Device is designed to be easy to use and includes new e-bike features

Garmin has unveiled its new Edge Explore 2 GPS computer that’s designed as an easy-to-use option for casual cyclists and e-bike riders.

Garmin says that the Edge Explore 2 is simple to set up and allows you to easily plan a ride on popular roads and trails or setup a route that avoids high-traffic areas using its existing Treadline popularity routing. This takes ride data from other Garmin users to determine the best routes and help you avoid high-traffic areas.

2022 Garmin Edge Explore 2 GPS computer - 4

The Edge Explore 2 is also designed to help you manage your effort with ClimbPro, a feature that displays an overview of the ascent and gradient of an upcoming climb.

“Featuring up to 16 hours of battery life in demanding use and up to 24 hours in battery saver mode, the Edge Explore 2 series is preloaded with intuitive, high-contrast Garmin cycle maps so riders can view popular roads and trails, high-traffic areas and searchable points of interest – all from a 3-inch touchscreen that is responsive and easy to read in all riding conditions,” says Garmin.

Check out Garmin’s new flagship Edge 1040

If you’re riding an e-bike, the Edge Explore 2 will give you a dedicated e-bike status screen showing battery life and it can offer navigation guidance and alerts based on battery status, assist level and the preplanned course.

2022 Garmin Edge Explore 2 GPS computer - 1 (1)
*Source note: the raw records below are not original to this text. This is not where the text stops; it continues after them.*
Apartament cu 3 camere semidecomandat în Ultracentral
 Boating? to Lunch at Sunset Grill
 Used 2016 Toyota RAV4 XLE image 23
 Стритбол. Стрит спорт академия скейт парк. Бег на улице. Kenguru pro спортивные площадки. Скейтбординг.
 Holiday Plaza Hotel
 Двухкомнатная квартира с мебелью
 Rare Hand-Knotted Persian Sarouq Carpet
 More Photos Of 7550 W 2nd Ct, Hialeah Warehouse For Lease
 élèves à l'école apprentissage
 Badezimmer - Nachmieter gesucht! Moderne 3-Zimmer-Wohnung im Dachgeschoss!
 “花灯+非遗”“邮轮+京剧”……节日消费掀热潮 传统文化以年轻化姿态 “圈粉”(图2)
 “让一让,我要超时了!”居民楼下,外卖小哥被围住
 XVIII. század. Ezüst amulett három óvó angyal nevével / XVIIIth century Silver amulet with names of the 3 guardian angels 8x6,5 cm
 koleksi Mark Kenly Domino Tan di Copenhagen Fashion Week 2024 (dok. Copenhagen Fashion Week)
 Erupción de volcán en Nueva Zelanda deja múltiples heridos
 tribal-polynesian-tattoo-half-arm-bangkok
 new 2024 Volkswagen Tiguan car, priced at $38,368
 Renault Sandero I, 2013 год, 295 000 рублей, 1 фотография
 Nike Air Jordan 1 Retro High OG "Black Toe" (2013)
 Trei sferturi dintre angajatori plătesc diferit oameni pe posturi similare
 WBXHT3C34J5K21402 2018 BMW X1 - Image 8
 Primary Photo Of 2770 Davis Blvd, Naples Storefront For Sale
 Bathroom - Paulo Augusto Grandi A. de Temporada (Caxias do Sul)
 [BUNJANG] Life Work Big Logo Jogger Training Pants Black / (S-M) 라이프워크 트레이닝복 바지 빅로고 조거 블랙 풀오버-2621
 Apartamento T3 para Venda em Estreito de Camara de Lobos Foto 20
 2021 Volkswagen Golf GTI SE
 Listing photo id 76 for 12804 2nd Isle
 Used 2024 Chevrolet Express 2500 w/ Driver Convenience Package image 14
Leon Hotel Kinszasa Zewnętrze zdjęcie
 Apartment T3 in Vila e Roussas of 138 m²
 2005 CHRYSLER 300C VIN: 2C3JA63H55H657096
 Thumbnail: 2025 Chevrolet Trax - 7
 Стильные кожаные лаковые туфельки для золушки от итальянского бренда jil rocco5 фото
As long as you have a compatible e-bike, the new Edge Power Mount that’s included with the Edge Explore 2 Power Mount Bundle lets you charge your computer as you ride.

Many familiar Garmin features are available on the Edge Explore 2. For example, you can create courses through the Garmin Connect app – as well as Strava, Komoot, and so on – and sync them to your computer. You’ll then get turn-by-turn navigation to keep you on course.

Read our review of the Garmin Edge 830

You can also pair your Edge Explore 2 to your smartphone to receive text messages and alerts as you ride.

2022 Garmin Edge Explore 2 GPS computer - 2

The Edge Explore 2 is available now and has a suggested retail price of £249.99.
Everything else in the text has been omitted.